The records:
<<<<

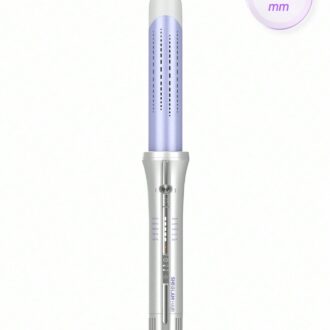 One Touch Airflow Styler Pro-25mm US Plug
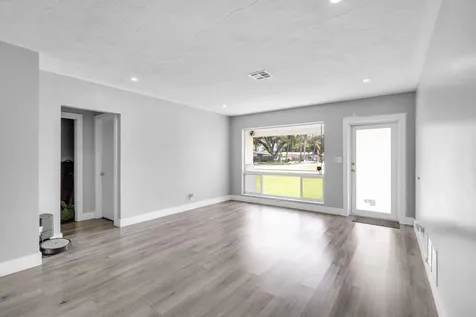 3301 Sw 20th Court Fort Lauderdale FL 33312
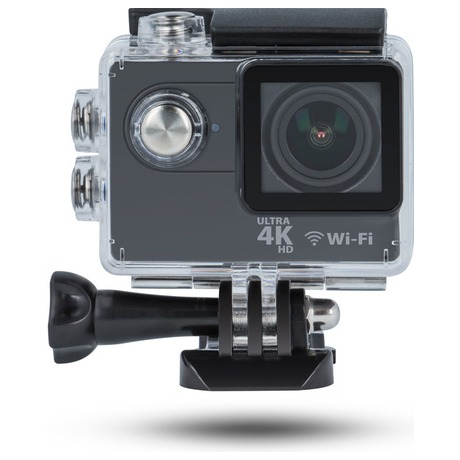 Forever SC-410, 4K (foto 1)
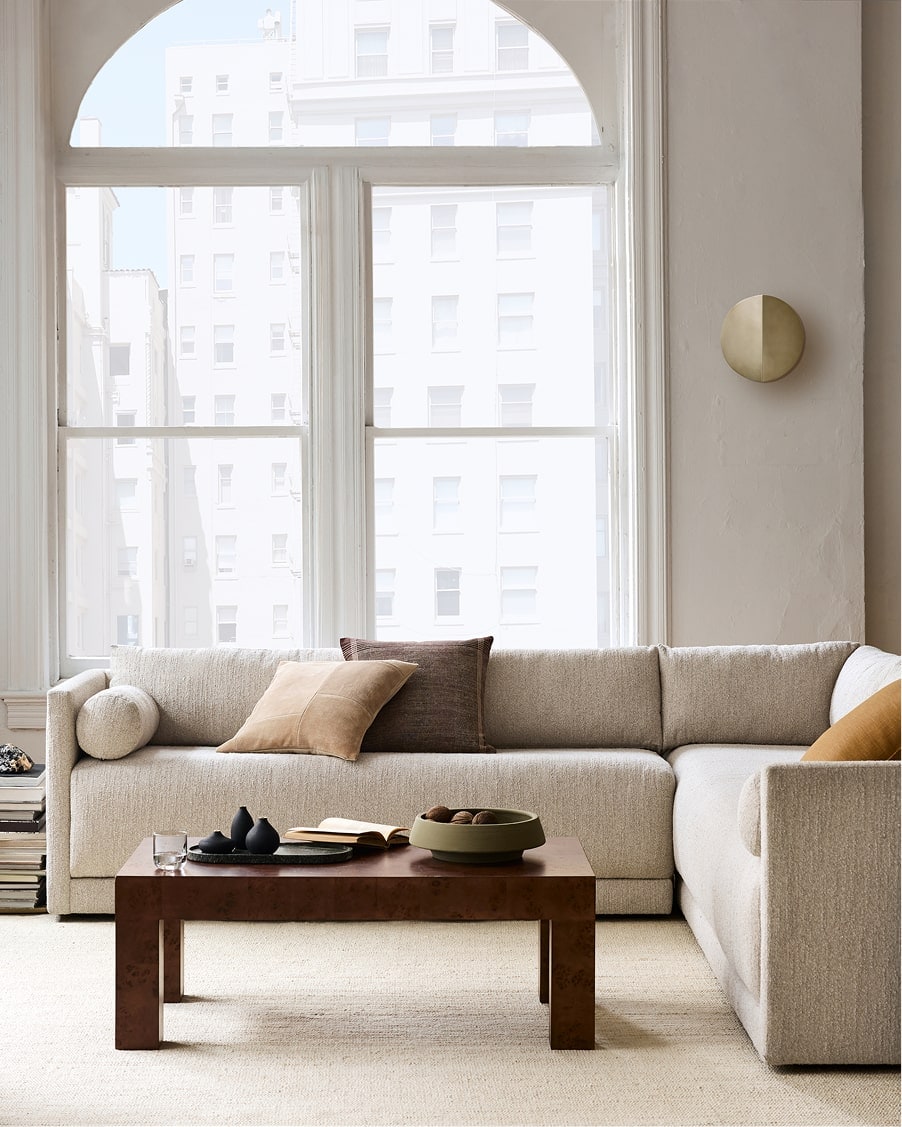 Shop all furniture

>>>>
<<<<

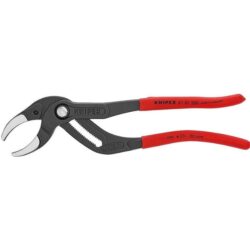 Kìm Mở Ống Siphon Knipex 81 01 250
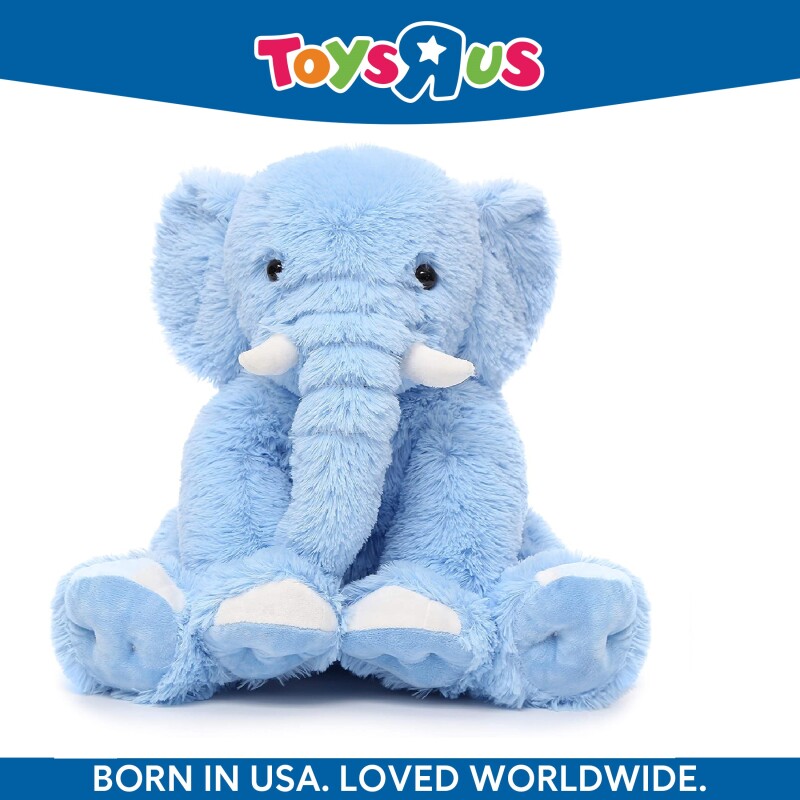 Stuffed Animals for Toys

>>>>
<<<<

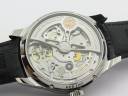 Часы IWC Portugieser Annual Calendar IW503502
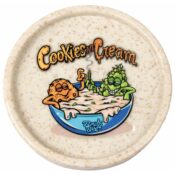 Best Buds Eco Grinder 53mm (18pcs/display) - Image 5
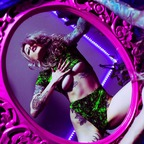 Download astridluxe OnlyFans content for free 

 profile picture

>>>>

What you should do:
Taking the material above, give again exactly the lines from the one holding "3301 Sw 20th Court Fort Lauderdale FL 33312" through the one holding "Shop all furniture", with both ends and without pictures.

Result below:
 3301 Sw 20th Court Fort Lauderdale FL 33312
 Forever SC-410, 4K (foto 1)
 Shop all furniture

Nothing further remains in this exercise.